When right to repair and own and human rights become the same issue. We can not allow cyborgs' synthetic organs to be either owned or, for worse, traded by other people or corporations. You can't own people, not one part of them, that'd be slavery! Human rights are unalienable, meaning they can also not be alienated by becoming transhuman. Digital restrictions on the body parts of human beings are to be outlawed by ammending international human rights and anti-slavery conventions!
I remember Tom doing a talk about the idea of blocking people in real life and a digital afterlife video, both of which were pitched with the 'this could actually be real and you didn't notice yet' conceits. Both gave me week-without-sleep existential angst. Brilliant ideas from Tom Scott on the dystopian future we are headed for trying desperately to miss.

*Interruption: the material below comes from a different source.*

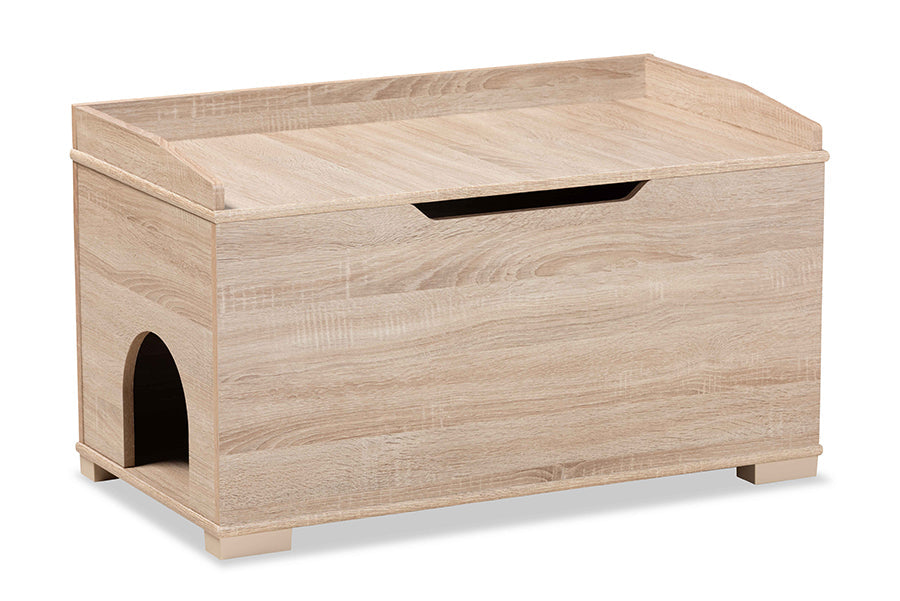 Baxton Studio Mariam Modern and Contemporary Oak Finished Wood Cat Litter Box Cover House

The best defense (not my idea, although I'm not sure who thought it up originally) against that type of angst is merely that "it doesn't matter". That's not to say that nothing matters, but rather the opposite - no matter if we're real or not, we exist in some form, and therefore everything that could possibly interact with us physically or mentally matters to us. I mean, just think about how much that thought affected you at the time - you think, therefore you exist in some definition, therefore things impact you and you impact things. Besides, if you're not real, then you're part of one *heck* of a simulation and you should feel proud about that!

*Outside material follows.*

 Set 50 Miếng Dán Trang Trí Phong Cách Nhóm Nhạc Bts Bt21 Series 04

plays well with his "afterlife ruined by lawyers" or such video, too "we're sorry to inform you that the free plan has been discontinued, please upgrade your life plan or cease existance"
Or, your afterlife will continue, but no world will be simulated around you. just you in a void forever. no objects, no interaction no reference of time, just you. unless you (or more likely your children) pay up.
Imagine learning that your entire existence was a theoretical focus group that will end in a minute or so and feeling anything other than immense relief that this isn't what _actual_ existence is like.
As someone with a million ideas I gotta say having a good idea is only like 5% of writing a story. A story with a mediocre idea but good writing, plot and characters is a lot more enjoyable than a story with a good idea but mediocre writing, plot and characters.
I always enjoyed your short Science Fiction videos immensely. You have a very inventive and imaginative mind. Those were some great writing prompts, especially the last one. I do hope that a talented author writes it (or any of your ideas) into a story in a way that does justice to your vision.
The idea about an afterlife company shutting down/being bought out is kindly like one of the plot points in a book series called 'the bobiverse' by Dennis E Taylor. About a guy who pays for an afterlife package, but wakes up to being some test subject for creating controllers for computers and being shot into space for looking for colonization targets. Worth a read if you're into sci fi literature.
Came here to say this too. The Bobiverse is a fantastic series, Dennis E Taylor has rapidly ascended to being one of my favourite authors. Regarding the "experiencing a streamer's feelings" kind of ideas, there's a lot of this in Peter F Hamilton's Commonwealth Saga. It also features memory storage so that people can be "re-lifed" from a backup, and an alien junkie who is addicted to experiencing entire human backed-up lifespans on fast-forward. Cool stuff
I actually really, really liked when you did sci-fi stuff. It's been good inspiration for worldbuilding and scenarios for roleplay. Shame to see it go away completely.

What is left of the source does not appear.